Diam-diam, Ham, Mulda, dan Rangga
mengawasi Wenda.
“Bagaimana ini? Wenda pingsan,” ucap
Rangga saat tiba-tiba Wenda terjatuh.
Mulda hendak menghampiri Wenda,
namun Ham mencegahnya karena ada seseorang yang menghampiri Wenda yang sudah
tergeletak tak sadarkan diri itu. Mereka mempertajam pandangan matanya untuk
melihat orang itu yang kini menggotong Wenda.
“Bukannya itu Dicky si vampire?
Kenapa dia ada di sana?” heran Mulda.
“Sepertinya dia sudah tahu kalau
Wenda adalah manusia spesial,” jawab Ham.
“Apa?!” pekik Rangga dan Mulda.
“Aku sudah curiga waktu dia
menyelamatkan Wenda di perpustakaan tempo hari,” lanjut Ham.
“Jadi… Ah, kita kalah cepat,” gerutu
Mulda.
“Tenang saja. Kita bertiga,
sedangkan dia cuma sendiri,” ucap Ham menenangkan kecemasan anak buahnya.
Kemudian mereka pergi meninggalkan sekolah
untuk merancang sebuah rencana.
edededede
Dicky membawa Wenda ke UKS yang
kebetulan masih belum dikunci, namun tidak ada orang disana. Setelah merebahkan tubuh Wenda di kasur, dia
menyelimuti Wenda.
Tiba-tiba, terdengar suara berdering
dari tas Wenda. Cukup lama, dan Dicky membiarkannya. Setelah itu, suaranya
berhenti. Tak lama terdengar suara deringan lagi dari tas Wenda, namun hanya
sebentar. Tidak berniat lancang, namun siapa tahu itu penting, Dicky mengambil
ponsel dari tas Wenda. Ada beberapa panggilan tak terjawab dari Bisma, dan
sebuah sms (short massage) yang baru saja masuk, dari Bisma juga.
Kamu
dimana? Udah selesai urusan di
sekolah? Mau aku antar pulang? Aku bisa kok kembali ke sekolah sekarang juga.
Ada sedikit rasa sakit yang menusuk
hatinya saat membaca nama Bisma dan pesan singkatnya itu. Dicky cemburu. Tapi,
apa yang bisa ia perbuat? Wenda bukanlah Tini. Jadi, dia tetap
memberitahukan dimana Wenda berada. Tak lupa dia memberitahukan keadaan Wenda.
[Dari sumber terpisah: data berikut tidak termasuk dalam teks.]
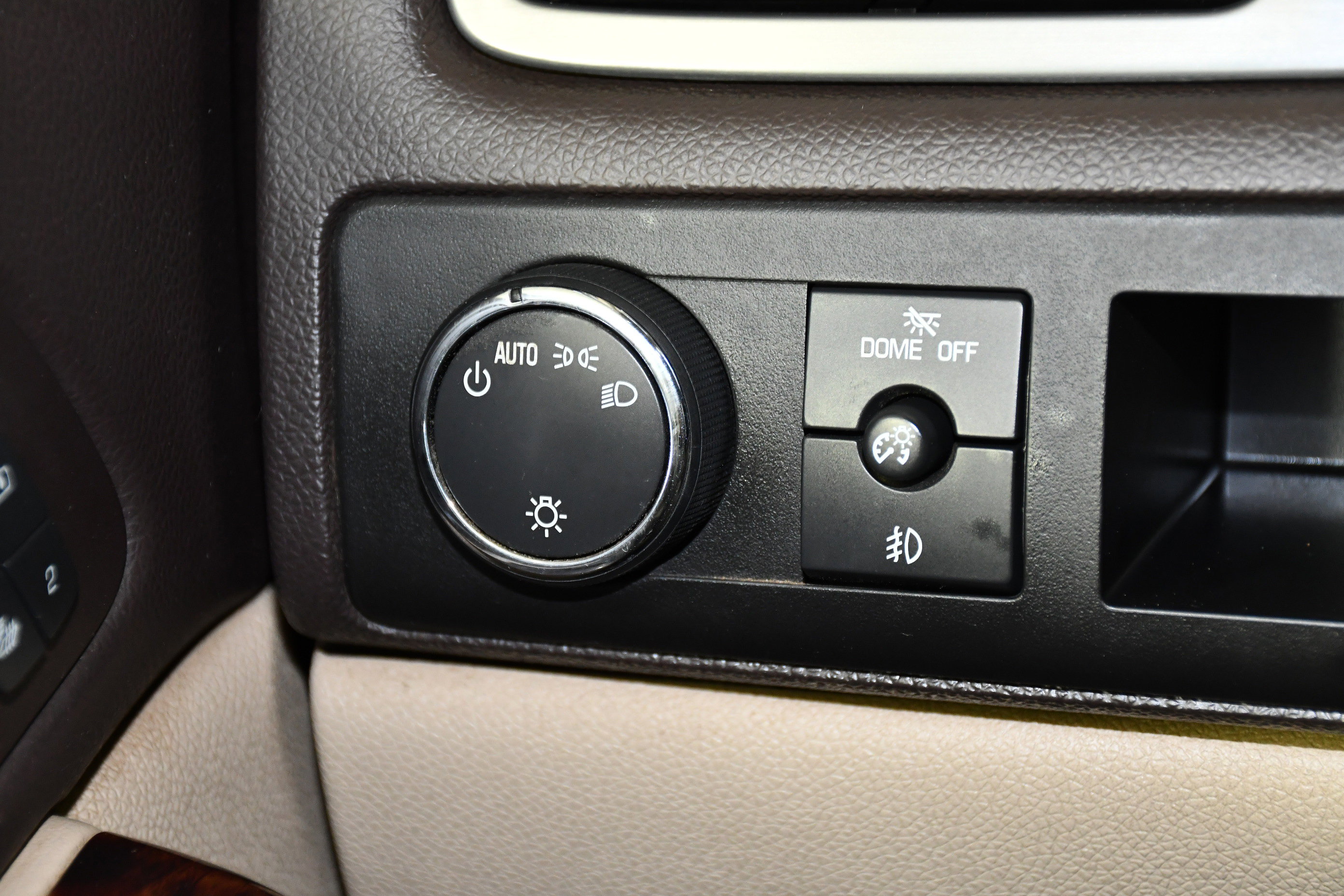Used 2012 GMC Yukon Denali AWD/4WD image 35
Bisma. Begitu membaca balasan sms
dari Wenda
(padahal yang mengetik dan mengirim sms adalah Dicky), dia segera menancap
gasnya kembali ke sekolah.
Saat Bisma tiba di UKS, Dicky sudah
tidak ada. Tinggal Wenda yang masih terbaring tak sadarkan diri. Bisma mendekat
dan memperhatikan wajah Wenda yang berkeringat. Alisnya juga saling bertautan,
seolah-olah dia sedang bermimpi buruk.
Tiba-tiba Bisma terlonjak saat Wenda
menggenggam tangannya. Dengan mata yang masih tertutup, genggaman Wenda semakin
erat. Kerutan-kerutan dikeningnya pun semakin bertambah.
Bisma tidak tahu harus berbuat apa.
Dia hendak mengelus kepala Wenda, namun wenda tiba-tiba membuka mata seraya
melepas genggamannya. Seperti seseorang yang baru saja mengalami mati suri,
Wenda tak berkedip menatap ke depan dengan mata
yang terbuka lebar dan napas yang memburu.
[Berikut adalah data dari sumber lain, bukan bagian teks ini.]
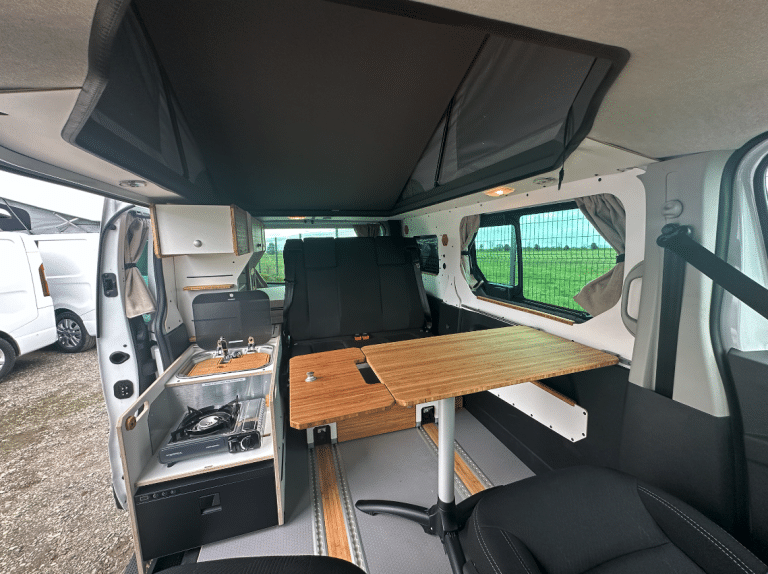 van aménagé neuf 4 places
“Wenda?” lirih Bisma dengan suara
berat.
Mendengar suara seseorang, barulah
Wenda melirik ke arah asal suara. Wenda tak bertanya apa-apa, tapi tiba-tiba
matanya meneteskan air bening. Tangannya perlahan bergerak mengelus wajah
Bisma.
Bisma sedikit tersentak. Kemudian
dia menggenggam tangan Wenda yang mengelus pipinya dengan penuh perasaan.
“Ada apa? Apa kamu mimpi buruk?”
tanya Bisma dengan suara lirih.
Seolah tak mampu berbicara, Wenda
hanya mengangguk pelan dengan air mata yang semakin deras mengalir.
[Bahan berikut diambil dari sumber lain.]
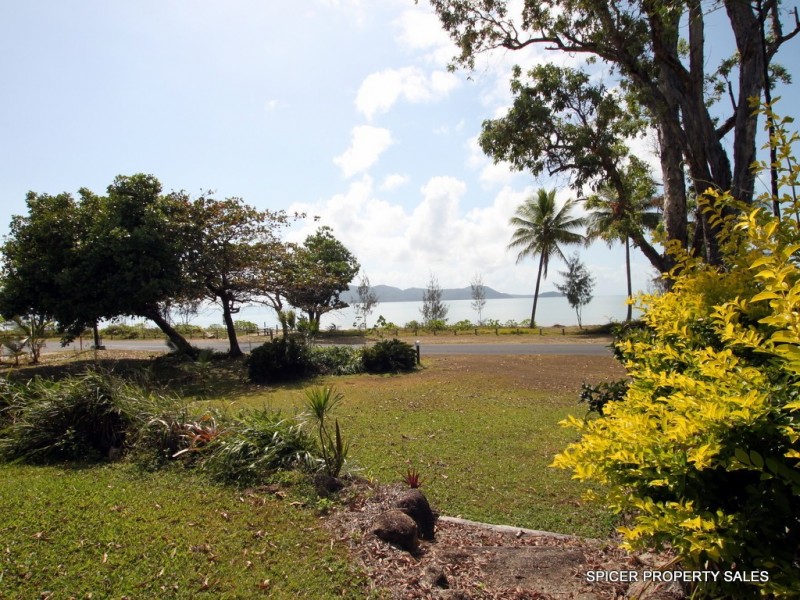 78 Kennedy Esplanade, South Mission Beach QLD 4852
“Tenang!” Bisma menghapus air mata
Wenda dengan kedua tangannya. “Itu cuma mimpi buruk.” Kemudian dipeluknya gadis
yang sangat ia cintai itu.
edededede
Bisma mengantarkan Wenda pulang. Di
mobil, walaupun Wenda sudah tidak lagi menangis, tapi wajahnya masih terlihat
sendu. Tatapannya juga terlihat kosong.
“Wenda?” panggil Bisma dengan nada
bertanya seolah memastikan orang yang di sampingnya itu benar Wenda.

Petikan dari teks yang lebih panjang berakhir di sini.